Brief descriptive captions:
+++
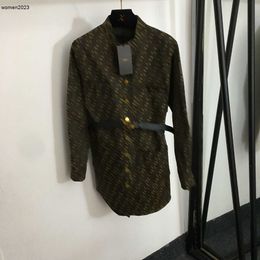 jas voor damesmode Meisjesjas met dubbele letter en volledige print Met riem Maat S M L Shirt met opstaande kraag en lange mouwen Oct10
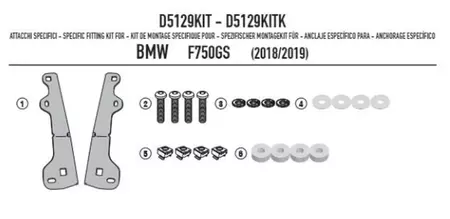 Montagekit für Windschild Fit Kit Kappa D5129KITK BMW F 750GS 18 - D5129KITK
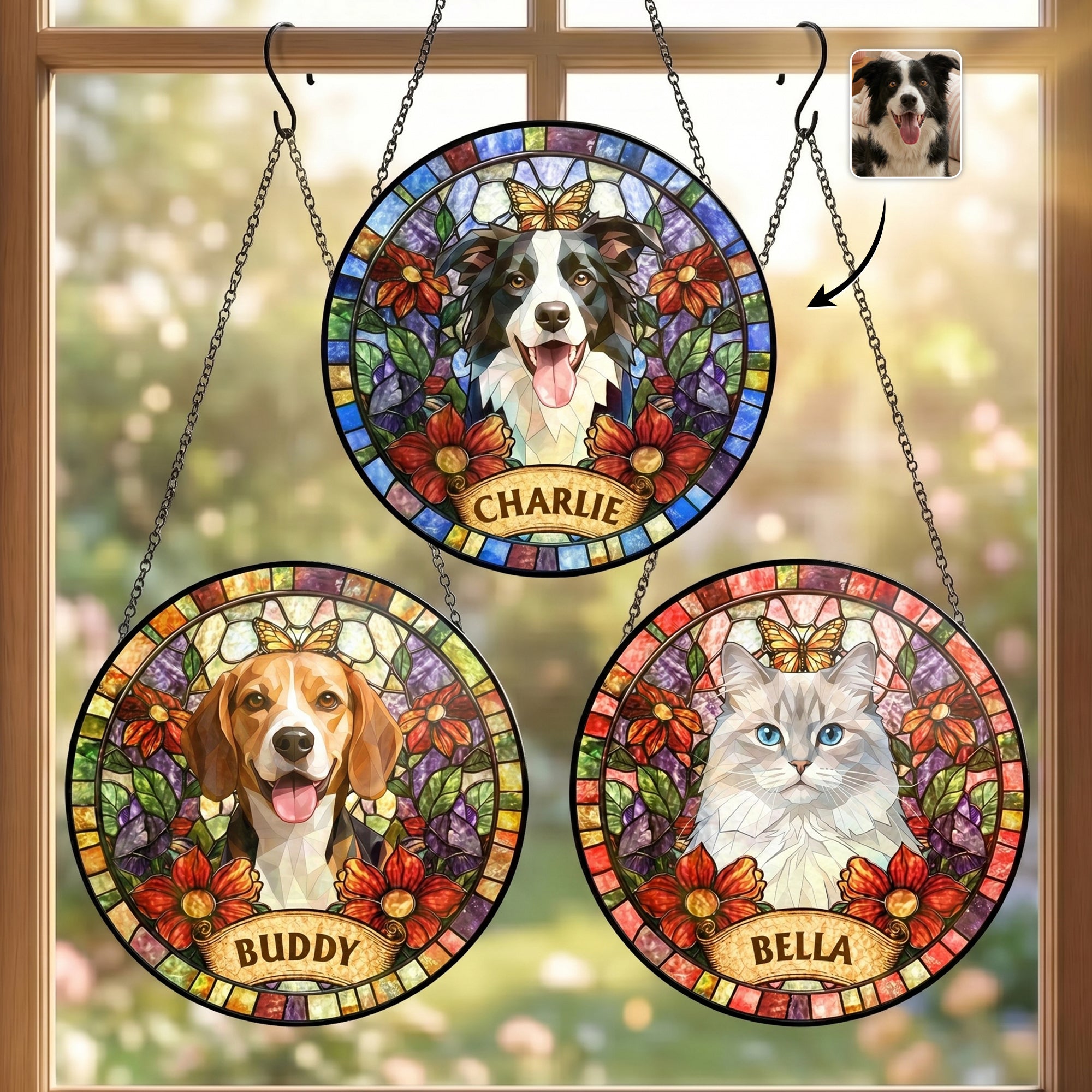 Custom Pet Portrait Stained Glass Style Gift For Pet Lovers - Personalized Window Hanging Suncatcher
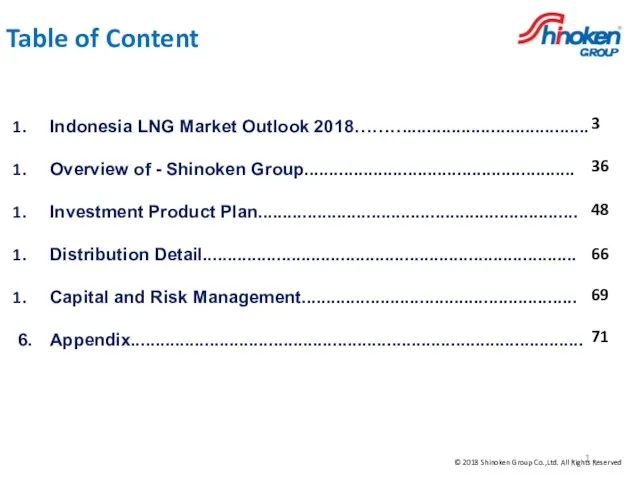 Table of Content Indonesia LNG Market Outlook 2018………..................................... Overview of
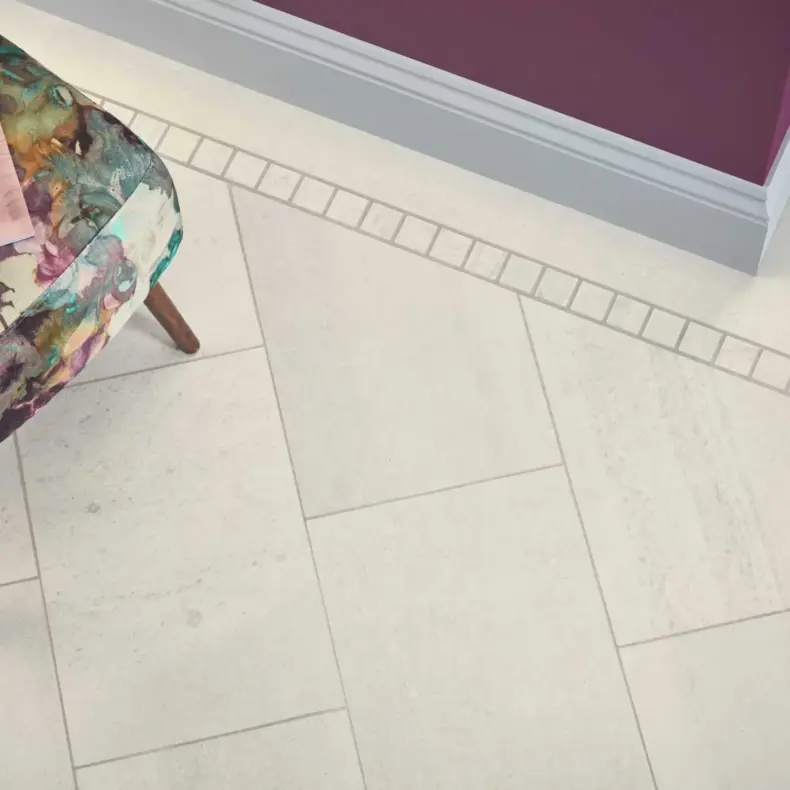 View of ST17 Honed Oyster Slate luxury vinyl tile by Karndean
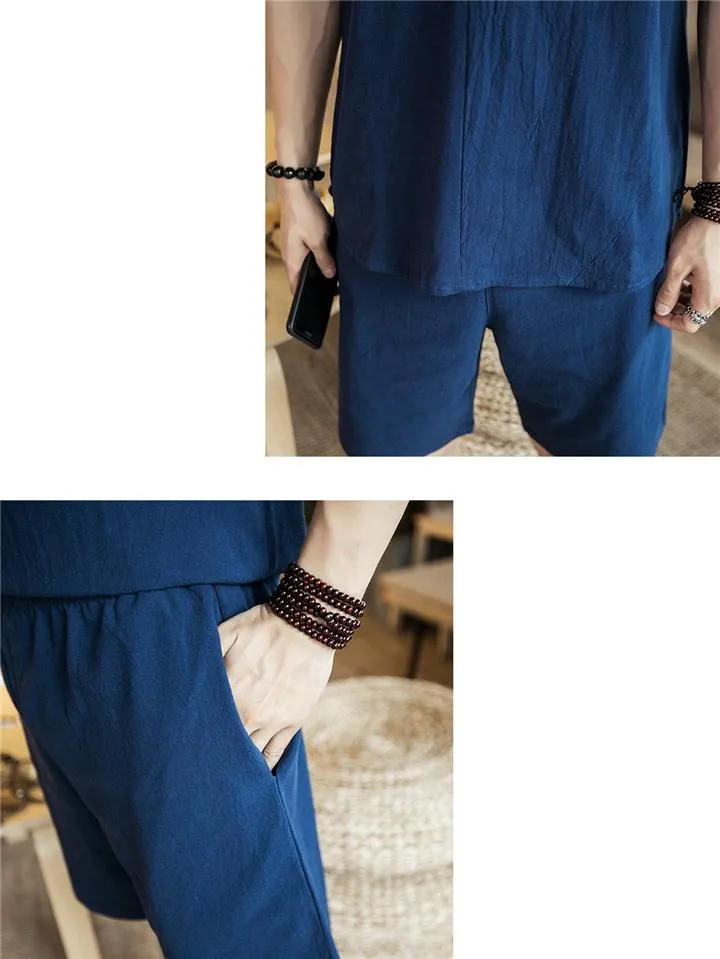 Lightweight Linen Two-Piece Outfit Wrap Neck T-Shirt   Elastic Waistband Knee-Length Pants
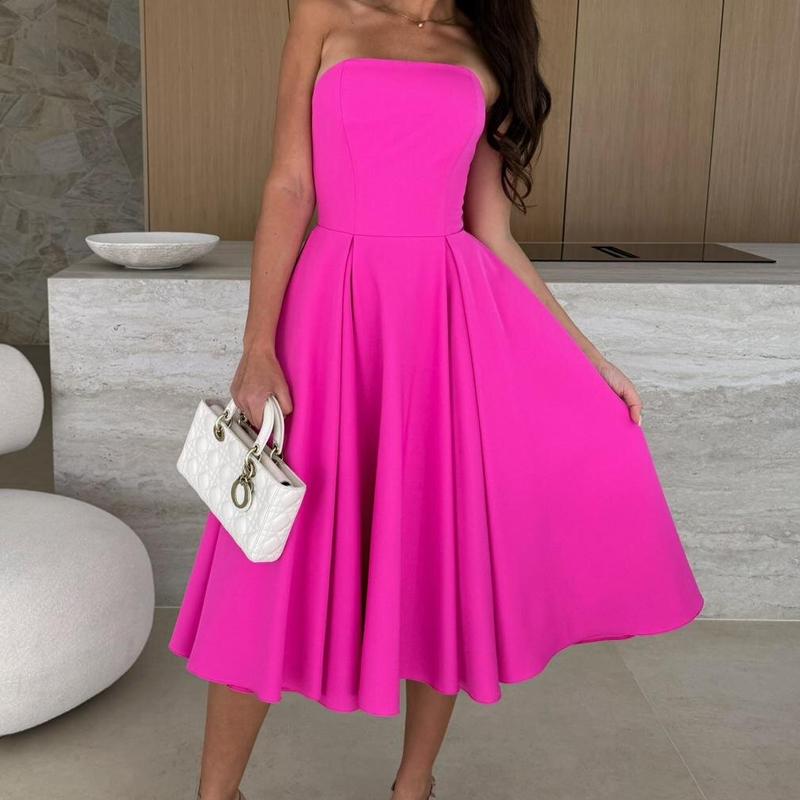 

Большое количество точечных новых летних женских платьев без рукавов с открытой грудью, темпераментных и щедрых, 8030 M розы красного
+++
Exactly the lines from the one that contains "Lightweight Linen Two-Piece" through the last line of the records should be set down, and the pictures should be dropped.

Task response —
 Lightweight Linen Two-Piece Outfit Wrap Neck T-Shirt   Elastic Waistband Knee-Length Pants

Большое количество точечных новых летних женских платьев без рукавов с открытой грудью, темпераментных и щедрых, 8030 M розы красного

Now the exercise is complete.